In December of 1980, Armando Bergallo and Hector Vilche made me part of Tallèr Amsterdam, the theater/ art coop, they founded twenty years earlier in Uruguay. In 1983 I met Afro-American director Rufus Collins (see also) , former member of the original Living Theater. Rufus was invited by the Dutch government to start a multicultural theater company. Together we put our signatures on several shows (and Yes! Rufus introduced me to the uncle of his Godchild, Mick Jagger). I enjoyed working with people who had another cultural background than my own. Soon theater critic Lieke van Duin named me THE designer of the so called minority theater companies.
In 1984, I founded S'ABeL, a nonprofit, so I could apply for local and federal grants to realize my own projects. Literary aspects of the theater became more and more important. I started writing and making studio art.

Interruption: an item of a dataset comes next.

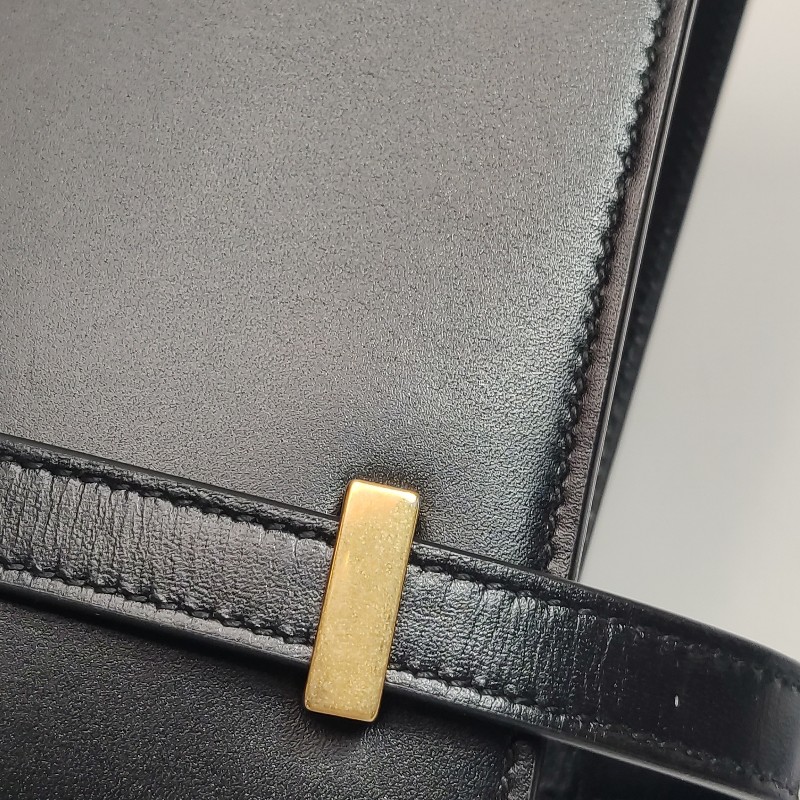 Saint Laurent Manhattan中號牛皮黑色肩背包-18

A cultural exchange between Texas and the Netherlands inspired me to visit Austin in 1987. Coleman Jennings, then Chair of the Drama Department at UT, urged me to return. The Gerard Hordijk Reis Fonds for Artists (part of Prince Bernhard Foundation) awarded me a grant which enabled me to get a workspace at UT's Performing Arts Center in 1992.
Convinced that my fun and colorful theater designs ought to be put in mass production, Zia & Iqbal Lukmani invited me to Bombay in 1989. They offered me an office in Bombay's tax free zone and the directors of the Bombay based Khadi Cotton Emporium –with 400 hand loom villages all over India– asked me to be their designer. Back in Amsterdam I got a call, "could I cook for the cast and crew of Romeo, a movie starring Monique van der Ven?" I said yes.